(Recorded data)
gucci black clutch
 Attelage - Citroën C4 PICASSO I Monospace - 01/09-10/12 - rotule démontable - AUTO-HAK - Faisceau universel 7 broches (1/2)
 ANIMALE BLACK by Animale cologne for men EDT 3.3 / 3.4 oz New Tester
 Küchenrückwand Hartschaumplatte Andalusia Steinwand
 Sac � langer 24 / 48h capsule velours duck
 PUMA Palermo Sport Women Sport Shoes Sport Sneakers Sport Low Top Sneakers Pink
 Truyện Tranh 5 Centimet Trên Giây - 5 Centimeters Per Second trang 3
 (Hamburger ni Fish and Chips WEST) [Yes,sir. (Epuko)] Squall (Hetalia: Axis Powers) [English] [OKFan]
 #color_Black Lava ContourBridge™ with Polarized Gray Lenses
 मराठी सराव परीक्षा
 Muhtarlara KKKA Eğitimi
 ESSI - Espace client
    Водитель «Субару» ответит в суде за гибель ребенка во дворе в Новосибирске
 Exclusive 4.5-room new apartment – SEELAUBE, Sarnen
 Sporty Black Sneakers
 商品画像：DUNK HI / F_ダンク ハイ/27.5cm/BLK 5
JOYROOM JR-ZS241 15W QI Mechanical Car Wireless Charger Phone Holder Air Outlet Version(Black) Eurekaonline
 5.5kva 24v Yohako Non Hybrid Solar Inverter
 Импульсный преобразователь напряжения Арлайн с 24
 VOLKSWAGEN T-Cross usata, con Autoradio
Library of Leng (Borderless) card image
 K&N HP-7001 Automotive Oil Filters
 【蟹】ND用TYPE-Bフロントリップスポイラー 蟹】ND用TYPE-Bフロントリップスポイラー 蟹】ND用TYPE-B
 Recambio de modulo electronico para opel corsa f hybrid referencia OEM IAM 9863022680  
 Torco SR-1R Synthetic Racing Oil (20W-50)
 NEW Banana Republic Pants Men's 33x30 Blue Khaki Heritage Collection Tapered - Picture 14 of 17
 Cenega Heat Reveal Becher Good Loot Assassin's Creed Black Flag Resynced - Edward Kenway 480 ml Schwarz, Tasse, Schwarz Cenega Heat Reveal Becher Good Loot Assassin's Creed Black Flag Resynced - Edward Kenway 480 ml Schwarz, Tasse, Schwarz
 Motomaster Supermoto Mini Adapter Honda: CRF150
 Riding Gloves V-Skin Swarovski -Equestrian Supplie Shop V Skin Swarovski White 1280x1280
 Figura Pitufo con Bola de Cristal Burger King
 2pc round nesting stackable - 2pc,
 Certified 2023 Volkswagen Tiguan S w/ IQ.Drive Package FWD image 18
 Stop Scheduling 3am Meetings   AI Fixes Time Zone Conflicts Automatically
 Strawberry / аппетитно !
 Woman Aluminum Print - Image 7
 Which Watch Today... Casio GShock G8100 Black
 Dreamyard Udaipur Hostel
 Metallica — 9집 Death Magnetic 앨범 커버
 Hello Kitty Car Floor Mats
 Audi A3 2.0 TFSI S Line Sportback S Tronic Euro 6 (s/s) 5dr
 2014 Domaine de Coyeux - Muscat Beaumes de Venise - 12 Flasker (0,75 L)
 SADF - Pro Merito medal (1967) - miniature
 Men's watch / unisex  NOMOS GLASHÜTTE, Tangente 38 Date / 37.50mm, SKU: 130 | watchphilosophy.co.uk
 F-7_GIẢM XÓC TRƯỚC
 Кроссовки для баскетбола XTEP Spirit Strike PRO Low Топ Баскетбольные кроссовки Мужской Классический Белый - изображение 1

**Exercise:** A bare number is the whole answer: how many lines in the entries contain "Sneakers"?

**Reply to the task:** 2